Right, the cake came out of the oven looking fantastic, and it tasted even better. If I have any advice it would to not be shy with the ginger, I put in what looked right but a bit more wouldn’t have hurt. Sorry bout the shithouse instructions but I guess I am assuming most people know how to put a cake together, and what it should look like. Recipes are like jogging, to be avoided at all costs.





Pan-Fried Salmon

24 03 2008

jealous.jpg

This is the view from my home in NZ (cause theres no picture of the Salmon.)

I got bored and made pan fried Salmon on a bed of white rice with a green coconut curry sauce for dinner tonight. I blanched some broccoli and had that on the side. This is pretty much a lazy way to make Thai green fish curry but you get crunchy and flaky salmon too, bonus. This is pretty much my cooking style, no recipe just an idea and (normally) only half the ingredients to make it work. I like simple original food that is healthy and engaging.

Basically it was:

Thai Green Curry Paste

1/2 a Clove of Garlic

Some Ginger

Coconut Milk

Salmon Steak

I mixed everything for the sauce up but didn’t cook it so as to preserve all the health benefits of the raw garlic and ginger. I then pan fried the salmon so that it was crispy on each side and the flesh was just starting to flake nicely.
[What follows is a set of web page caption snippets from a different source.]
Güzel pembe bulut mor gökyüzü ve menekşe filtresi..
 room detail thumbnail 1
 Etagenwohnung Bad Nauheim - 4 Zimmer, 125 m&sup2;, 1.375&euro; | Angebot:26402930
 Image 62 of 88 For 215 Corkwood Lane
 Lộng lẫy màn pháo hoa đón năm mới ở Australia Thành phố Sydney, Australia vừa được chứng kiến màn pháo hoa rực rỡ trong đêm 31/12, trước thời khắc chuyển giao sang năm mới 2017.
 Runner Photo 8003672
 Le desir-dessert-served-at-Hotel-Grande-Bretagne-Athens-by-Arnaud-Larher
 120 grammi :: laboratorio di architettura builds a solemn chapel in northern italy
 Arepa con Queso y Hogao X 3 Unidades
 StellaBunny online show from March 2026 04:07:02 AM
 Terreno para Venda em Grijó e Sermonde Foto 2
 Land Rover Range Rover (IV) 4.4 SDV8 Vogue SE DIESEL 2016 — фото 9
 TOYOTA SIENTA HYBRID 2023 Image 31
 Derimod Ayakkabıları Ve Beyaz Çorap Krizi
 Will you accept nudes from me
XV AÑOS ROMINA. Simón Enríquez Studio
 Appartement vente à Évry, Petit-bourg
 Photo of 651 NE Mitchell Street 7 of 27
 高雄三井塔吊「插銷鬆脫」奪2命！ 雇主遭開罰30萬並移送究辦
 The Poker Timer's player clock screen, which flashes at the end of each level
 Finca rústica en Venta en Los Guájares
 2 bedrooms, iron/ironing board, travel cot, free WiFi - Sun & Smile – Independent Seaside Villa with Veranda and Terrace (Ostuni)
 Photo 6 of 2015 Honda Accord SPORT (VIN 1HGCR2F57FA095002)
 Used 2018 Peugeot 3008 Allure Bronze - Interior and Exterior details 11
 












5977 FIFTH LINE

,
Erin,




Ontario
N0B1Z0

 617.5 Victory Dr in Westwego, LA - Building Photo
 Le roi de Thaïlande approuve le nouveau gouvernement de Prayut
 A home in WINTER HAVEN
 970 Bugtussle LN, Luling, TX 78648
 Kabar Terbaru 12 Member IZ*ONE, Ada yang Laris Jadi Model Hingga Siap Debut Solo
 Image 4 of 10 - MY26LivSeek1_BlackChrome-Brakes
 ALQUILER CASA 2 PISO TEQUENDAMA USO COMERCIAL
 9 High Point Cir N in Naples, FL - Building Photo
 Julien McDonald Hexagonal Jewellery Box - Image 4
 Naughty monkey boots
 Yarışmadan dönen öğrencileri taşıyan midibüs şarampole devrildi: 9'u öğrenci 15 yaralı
While that was happening I cooked up some white rice and blanched a few florets of Broccoli. I then drizzled on the sauce and it was done. It was bloody good but no pictures though as I have no camera at the moment.

If you are going to cook the sauce I would add a little bit of brown sugar to compliment the fieriness of the chili.

I couldn’t find any recipes like this around, I am guessing people don’t want to mask the flavor of the Salmon too much with such a strong curry flavor. I am not a massive fan of strong sea food though so this is perfect for people like me.





Gone Burger

21 03 2008

Mussel Inn, Golden BayMy name’s Patrick, I’m a Kiwi in the USA studying. I run Track for UNT, and laze around in general.

I’m currently coming back from being injured all indoor, which I red shirted. I’m hoping to get in a meaty base for crossy but at the moment I’m concentrating on getting back on the feet.

I’m not sure what this blog will turn out to be, most probably me bitching about life, my running and maybe some recipes/cooking thrown in.